Los ferrys salían cada media
hora. Nos quedamos a punto de embarcar en el de las 12:30 y lo hicimos en el de
la una. Era un trayecto corto, de unos 15 ó 20 minutos. Las islas eran
tablillas flotantes sobre el océano. Su alzado era pequeño.
En Clinton entramos en un
restaurante muy típicamente americano y sacamos, esta vez sí, las tarjetas de
embarque. Las hamburguesas y el fish and chips estaban francamente
buenos. Quien parecía ser el dueño era algo hosco. Nos puso problemas para
darnos las claves de la wifi. Sin embargo, la camarera, que estaría
aproximadamente por nuestra edad, transmitía ese encanto servicial que es
propio de los camareros estadounidenses. Será por las propinas o por su
espontaneidad natural.
Regresamos al coche y fuimos
disfrutando de un paisaje bucólico, sencillo, donde parecía que los males del
capitalismo o la hiper competencia pasaban a un segundo plano. Nos recordaban
que había que disfrutar de la vida sin olvidarse de trabajar razonablemente
para que nadie nos regalara nada. Eran pequeñas comunidades donde la solidaridad
era máxima. Me recordaba, lógicamente, aquella fabulosa excursión improvisada
con mi amigo Ángel de hace 15 años, a la que me he referido en otras ocasiones.

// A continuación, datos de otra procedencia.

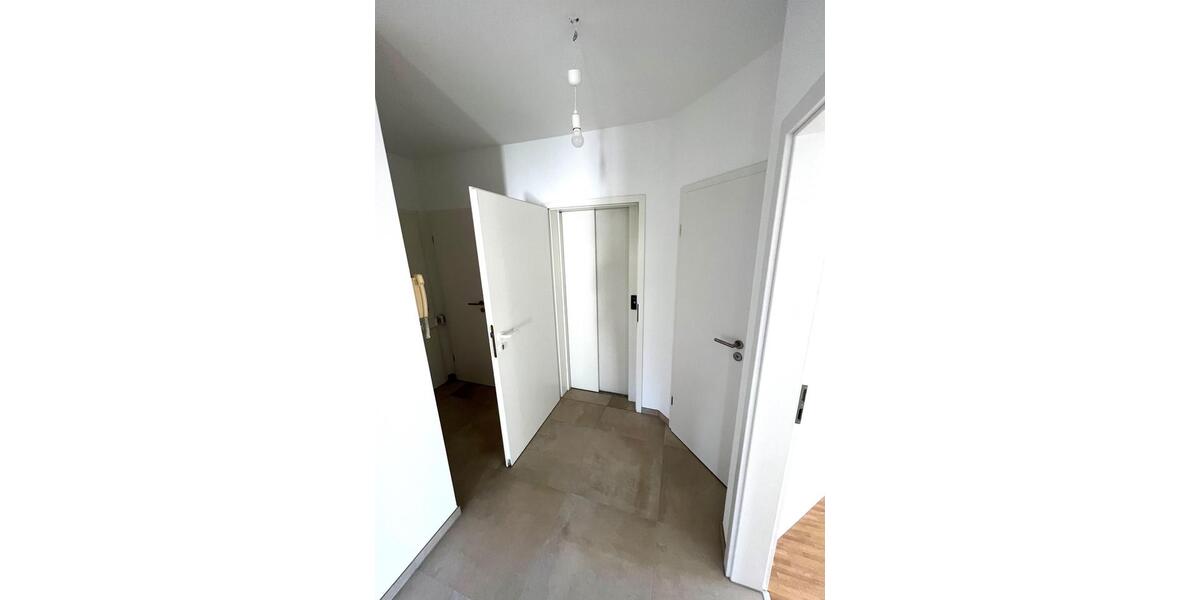 Dachgeschoßwohnung Kronberg im Taunus - 3 Zimmer, 88 m&sup2;, 1.700&euro; | Angebot:25973695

Me pregunté si no habíamos estado en esa isla en nuestro periplo para regresar
desde Port Townsend, al otro lado de un brazo de mar.

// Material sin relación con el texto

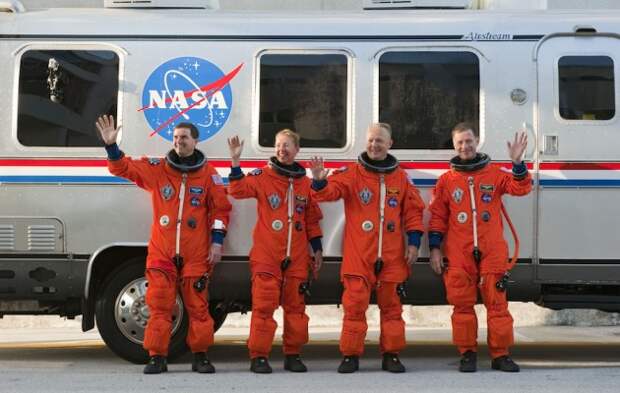 Крутые автомобили NASA: Astronaut Transfer Van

La gente era indefectiblemente grunge,
auténtica, espontánea, nada premeditada en la composición de su atuendo, como
la de Seattle. Aquí los granjeros vestían así no para aparentar una idea de
vida. Vestían así, con barbas largas y melenas porque lo habían mamado.
Las praderas se alternaban con
bosques de coníferas. Era impresionante el número de iglesias de diferentes
variedades de cristianos que poblaban la isla. En muchos casos, estaban unas
frente a otras. Supongo que la convivencia era total.